Re: [PATCH] uprobes: Optimize the allocation of insn_slot for performance

Andrii Nakryiko <andrii.nakryiko@xxxxxxxxx> · Mon, 12 Aug 2024 10:49:56 -0700

On Mon, Aug 12, 2024 at 4:11 AM Liao, Chang <liaochang1@xxxxxxxxxx> wrote:
>
>
>
> 在 2024/8/9 2:26, Andrii Nakryiko 写道:
> > On Thu, Aug 8, 2024 at 1:45 AM Liao, Chang <liaochang1@xxxxxxxxxx> wrote:
> >>
> >> Hi Andrii and Oleg.
> >>
> >> This patch sent by me two weeks ago also aim to optimize the performance of uprobe
> >> on arm64. I notice recent discussions on the performance and scalability of uprobes
> >> within the mailing list. Considering this interest, I've added you and other relevant
> >> maintainers to the CC list for broader visibility and potential collaboration.
> >>
> >
> > Hi Liao,
> >
> > As you can see there is an active work to improve uprobes, that
> > changes lifetime management of uprobes, removes a bunch of locks taken
> > in the uprobe/uretprobe hot path, etc. It would be nice if you can
> > hold off a bit with your changes until all that lands. And then
> > re-benchmark, as costs might shift.
> >
> > But also see some remarks below.
> >
> >> Thanks.
> >>
> >> 在 2024/7/27 17:44, Liao Chang 写道:
> >>> The profiling result of single-thread model of selftests bench reveals
> >>> performance bottlenecks in find_uprobe() and caches_clean_inval_pou() on
> >>> ARM64. On my local testing machine, 5% of CPU time is consumed by
> >>> find_uprobe() for trig-uprobe-ret, while caches_clean_inval_pou() take
> >>> about 34% of CPU time for trig-uprobe-nop and trig-uprobe-push.
> >>>
> >>> This patch introduce struct uprobe_breakpoint to track previously
> >>> allocated insn_slot for frequently hit uprobe. it effectively reduce the
> >>> need for redundant insn_slot writes and subsequent expensive cache
> >>> flush, especially on architecture like ARM64. This patch has been tested
> >>> on Kunpeng916 (Hi1616), 4 NUMA nodes, 64 cores@ 2.4GHz. The selftest
> >>> bench and Redis GET/SET benchmark result below reveal obivious
> >>> performance gain.
> >>>
> >>> before-opt
> >>> ----------
> >>> trig-uprobe-nop:  0.371 ± 0.001M/s (0.371M/prod)
> >>> trig-uprobe-push: 0.370 ± 0.001M/s (0.370M/prod)
> >>> trig-uprobe-ret:  1.637 ± 0.001M/s (1.647M/prod)
> >
> > I'm surprised that nop and push variants are much slower than ret
> > variant.

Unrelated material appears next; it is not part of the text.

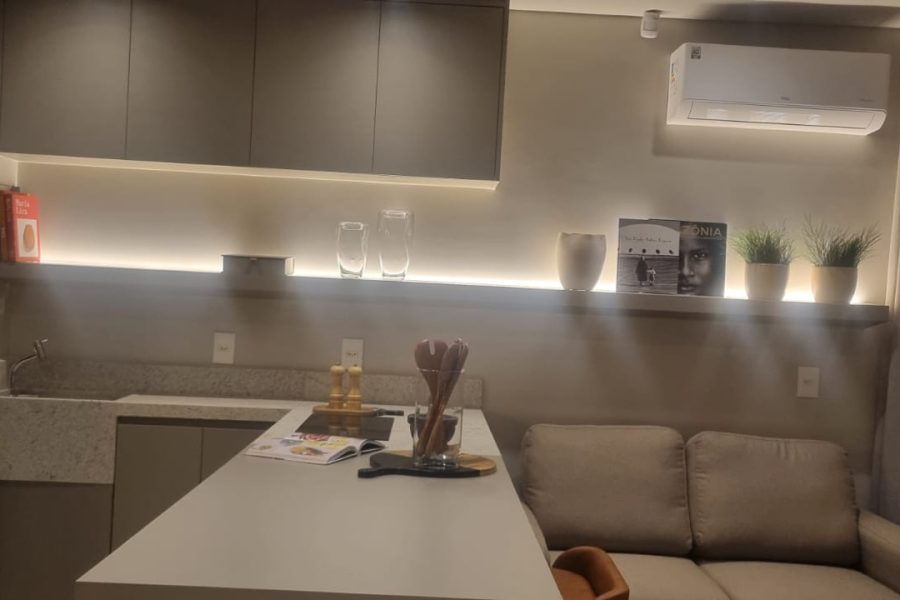 WhatsApp Image 2025-12-08 at 15.08.34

This is exactly opposite on x86-64. Do you have an
> > explanation why this might be happening? I see you are trying to
> > optimize xol_get_insn_slot(), but that is (at least for x86) a slow
> > variant of uprobe that normally shouldn't be used. Typically uprobe is
> > installed on nop (for USDT) and on function entry (which would be push
> > variant, `push %rbp` instruction).
> >
> > ret variant, for x86-64, causes one extra step to go back to user
> > space to execute original instruction out-of-line, and then trapping
> > back to kernel for running uprobe. Which is what you normally want to
> > avoid.
> >
> > What I'm getting at here. It seems like maybe arm arch is missing fast
> > emulated implementations for nops/push or whatever equivalents for
> > ARM64 that is. Please take a look at that and see why those are slow
> > and whether you can make those into fast uprobe cases?
>
> Hi Andrii,
>
> As you correctly pointed out, the benchmark result on Arm64 is counterintuitive
> compared to X86 behavior. My investigation revealed that the root cause lies in
> the arch_uprobe_analyse_insn(), which excludes the Arm64 equvialents instructions
> of 'nop' and 'push' from the emulatable instruction list. This forces the kernel
> to handle these instructions out-of-line in userspace upon breakpoint exception
> is handled, leading to a significant performance overhead compared to 'ret' variant,
> which is already emulated.
>
> To address this issue, I've developed a patch supports  the emulation of 'nop' and
> 'push' variants. The benchmark results below indicates the performance gain of
> emulation is obivious.
>
> xol (1 cpus)
> ------------
> uprobe-nop:  0.916 ± 0.001M/s (0.916M/prod)
> uprobe-push: 0.908 ± 0.001M/s (0.908M/prod)
> uprobe-ret:  1.855 ± 0.000M/s (1.855M/prod)
> uretprobe-nop:  0.640 ± 0.000M/s (0.640M/prod)
> uretprobe-push: 0.633 ± 0.001M/s (0.633M/prod)
> uretprobe-ret:  0.978 ± 0.003M/s (0.978M/prod)
>
> emulation (1 cpus)
> -------------------
> uprobe-nop:  1.862 ± 0.002M/s  (1.862M/s/cpu)
> uprobe-push: 1.743 ± 0.006M/s  (1.743M/s/cpu)
> uprobe-ret:  1.840 ± 0.001M/s  (1.840M/s/cpu)
> uretprobe-nop:  0.964 ± 0.004M/s  (0.964M/s/cpu)
> uretprobe-push: 0.936 ± 0.004M/s  (0.936M/s/cpu)
> uretprobe-ret:  0.940 ± 0.001M/s  (0.940M/s/cpu)
>
> As you can see, the performance gap between nop/push and ret variants has been significantly
> reduced. Due to the emulation of 'push' instruction need to access userspace memory, it spent
> more cycles than the other.

Great, it's an obvious improvement. Are you going to send patches
upstream? Please cc bpf@xxxxxxxxxxxxxxx as well.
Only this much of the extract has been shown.